» **Supplied information**:
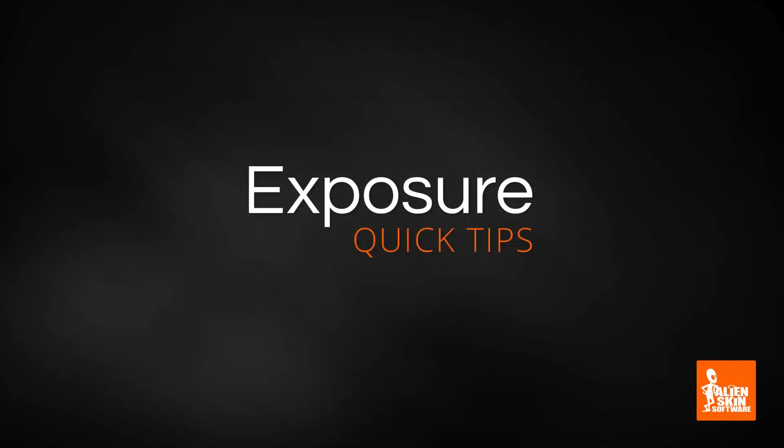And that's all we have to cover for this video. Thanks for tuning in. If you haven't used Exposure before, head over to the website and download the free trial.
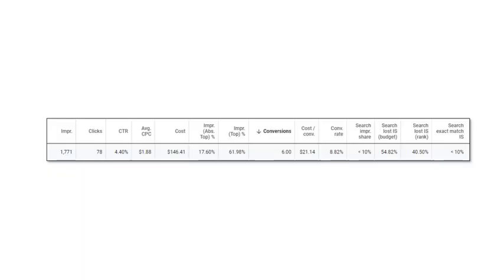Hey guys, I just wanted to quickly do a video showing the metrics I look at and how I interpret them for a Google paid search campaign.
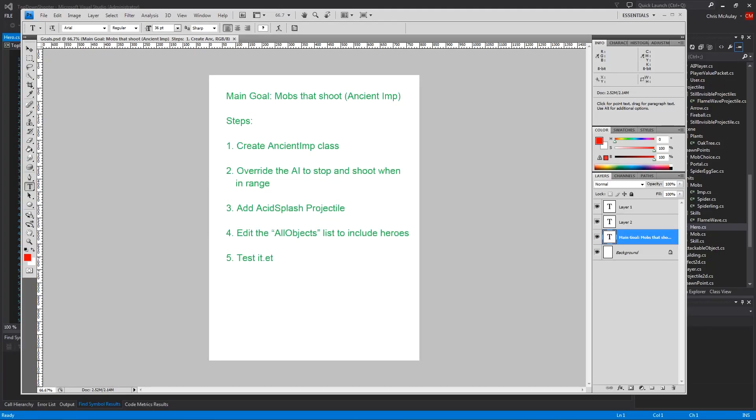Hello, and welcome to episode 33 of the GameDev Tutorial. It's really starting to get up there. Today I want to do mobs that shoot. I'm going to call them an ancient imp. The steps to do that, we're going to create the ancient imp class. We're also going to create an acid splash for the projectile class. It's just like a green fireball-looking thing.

» **Task requirements**: Starting from the line that contains "Hey guys, I", transcribe exactly each line down to the final line of the material above, excluding every picture and adding nothing else.

» **Exercise output**:
Hey guys, I just wanted to quickly do a video showing the metrics I look at and how I interpret them for a Google paid search campaign.
Hello, and welcome to episode 33 of the GameDev Tutorial. It's really starting to get up there. Today I want to do mobs that shoot. I'm going to call them an ancient imp. The steps to do that, we're going to create the ancient imp class. We're also going to create an acid splash for the projectile class. It's just like a green fireball-looking thing.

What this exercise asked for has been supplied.